Develop a Driving Question that:
• Is aimed at solving a problem
• Will lead to deep inquiry
• Will invite future learning
• Is meaningful to the student, the school, the community, and/or the world
• Is an issue that students believe in or have a passion for
• By answering, they are having a positive impact on something or someone
Understandings/Outcomes:
• What specifically do you want students to understand?
• What facts and basic concepts should students know and be able to recall?
• What will students know and what will they be able to do?
• What curriculum, standards, and performance-based objectives will be addressed?
• Will the learning be meaningful and applicable in their lives?
• Project activities should be connected to curricular objectives.
• Build planning time in to address curriculum connections.
Skills: Students will be able to independently use their learning to:
• Demonstrate citizenship and leadership
• Work through real-world problems by trial and error
• Collaborate and problem solve with others
• Utilize technology to actualize and express ideas
• Guide future independent directed learning across disciplines using the PBL process
Project Design/Features:
• What teachers/colleagues should be involved in the collaborative brainstorming process?
• Is the project part of a curricular unit?
• Do students have choice of topic within a curriculum?
• Will the teacher be guiding students in the framing of a driving question? Will students create their own driving question?
• Is the project interdisciplinary and thematic?
• Will you be collaborating with other teachers in, or out of your school?
• Will students work independently or in groups or a combination?
• Will the project involve class trips and or individual student experiences outside of the school day?
• Does the project have community partners?
• Will the project have a service-learning component?

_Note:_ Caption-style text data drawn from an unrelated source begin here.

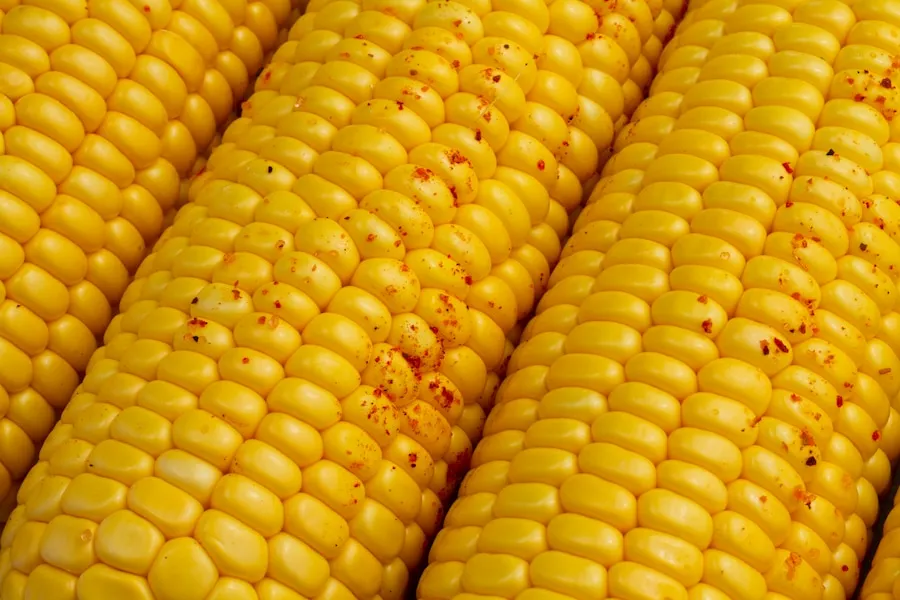 How do the complex carbohydrates in corn prov..
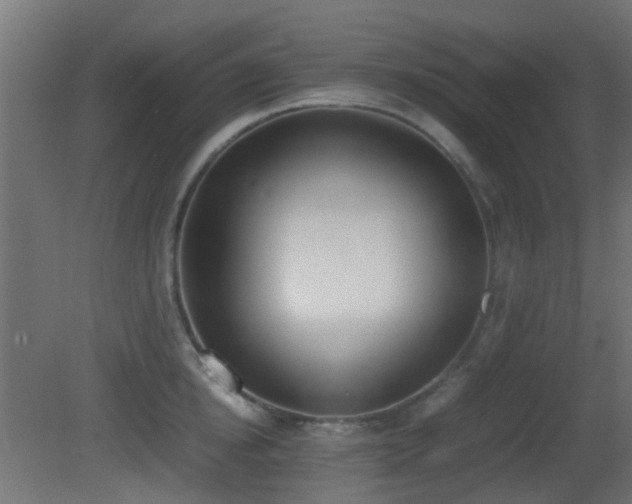 X0000081270854200701111304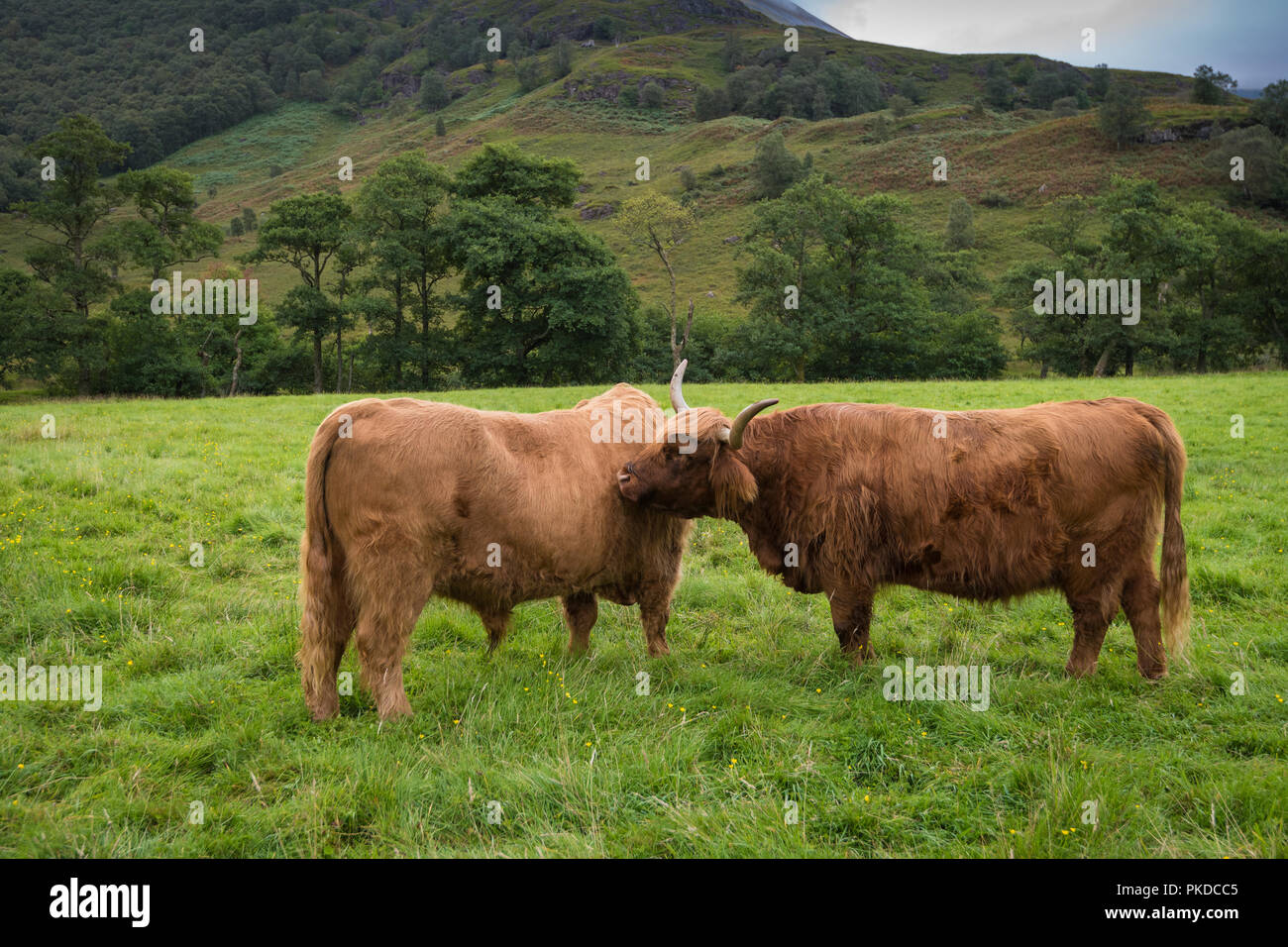 Latte di mucca e di Bull, Scottish Highland bovini, Ben Nevis, Highlands scozzesi, Scotland, Regno Unito Foto Stock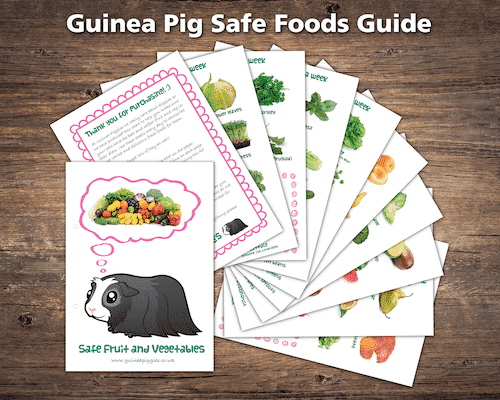 guinea pig fruit and veg sheets pdf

Technology: How will technology be implemented to enhance the Project by:
• Communication Collaborating with other students/educators via technology
• Information sources, information sharing
• Creating, producing, presenting (Website, documents, etc)
Community Partnerships/Resources:
• Which Community Partners can help you with your project?
• In what ways will Community Partnerships model good citizenship/leadership?
• What resources do you need to see the project through to completion?
• Will project related class trips be taken?
Project Timeline:
• Overall length of time
• Time per week
• Weekly Schedule
Project Activities:
• Planned to achieve overall project objectives.
• Connected to grade appropriate curricular objectives in at least 2 subject areas.
• Engage students to take ownership of their educational processes
• Are the activities FUN?
Benchmarks:
• Set clear time referenced deadlines for each task and/or product.
• Should be scaffolded to build on previously achieved objectives towards success of the project.
• Help build the guidelines in which the project can take place
Reflection/Journals:
• Student journals will offer students the opportunity to continuously reflect and assess their progress toward completion of the project.
• Teachers can use student journals as valuable assessment tools.
• Offer students the opportunity to learn from the strategies that did and, perhaps more importantly, did not work to achieve project objectives.
Assessment:
• Will student be assessed throughout the project cycle or on a final project? Formative/Summative
• An effective assessment program uses multiple strategies to demonstrate growth and performance, and should be closely correlated to your stated goals.
• How are rubrics used as an effective assessment and evaluation tool?
Reporting Out:
• Students will report out to peers, school staff, and the larger community:
• How they addressed their driving question.
• What they learned.
• Their final project products.
Celebration:
How students will be celebrated and recognized for their important work at a Reporting Out Celebration!